Take the data below and copy exactly the lines starting at the one with "I hope this" and finishing at the one with "Step 4. Create", both included.

Exercise data
——————————

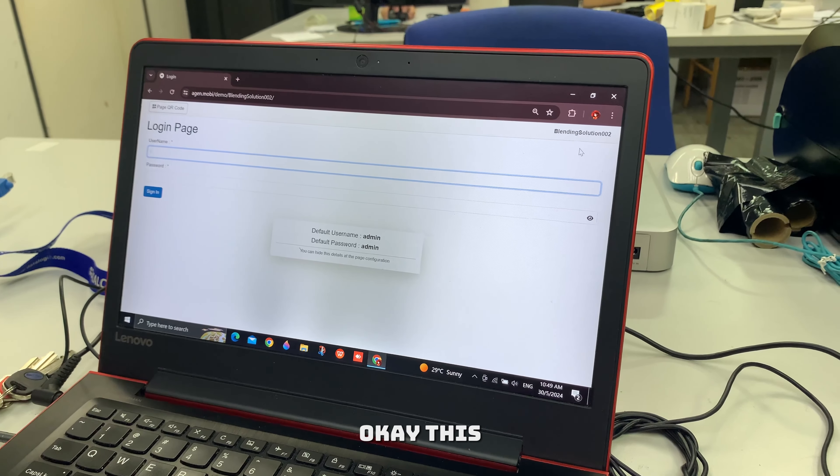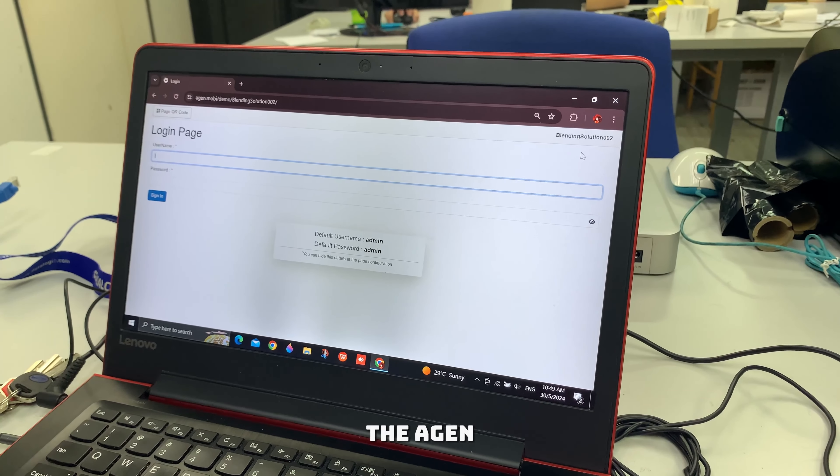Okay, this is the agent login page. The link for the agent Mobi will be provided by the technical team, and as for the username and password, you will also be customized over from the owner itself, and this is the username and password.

——————————

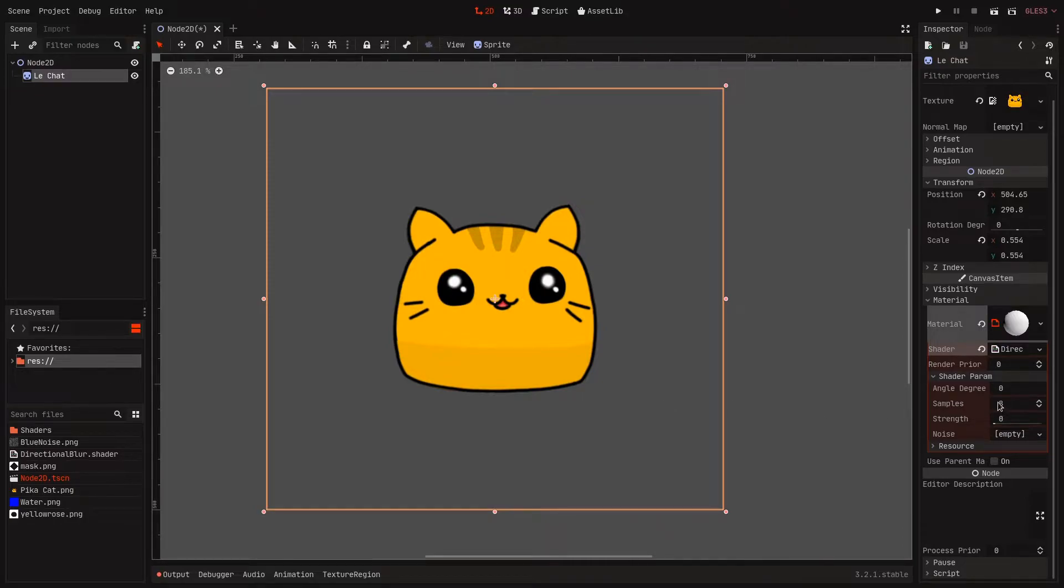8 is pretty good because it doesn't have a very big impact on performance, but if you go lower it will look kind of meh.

——————————

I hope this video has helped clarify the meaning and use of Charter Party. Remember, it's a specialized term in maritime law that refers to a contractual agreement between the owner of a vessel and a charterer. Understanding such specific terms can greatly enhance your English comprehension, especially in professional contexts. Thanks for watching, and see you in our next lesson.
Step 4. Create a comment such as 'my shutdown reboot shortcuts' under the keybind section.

——————————

Written answer
I hope this video has helped clarify the meaning and use of Charter Party. Remember, it's a specialized term in maritime law that refers to a contractual agreement between the owner of a vessel and a charterer. Understanding such specific terms can greatly enhance your English comprehension, especially in professional contexts. Thanks for watching, and see you in our next lesson.
Step 4. Create a comment such as 'my shutdown reboot shortcuts' under the keybind section.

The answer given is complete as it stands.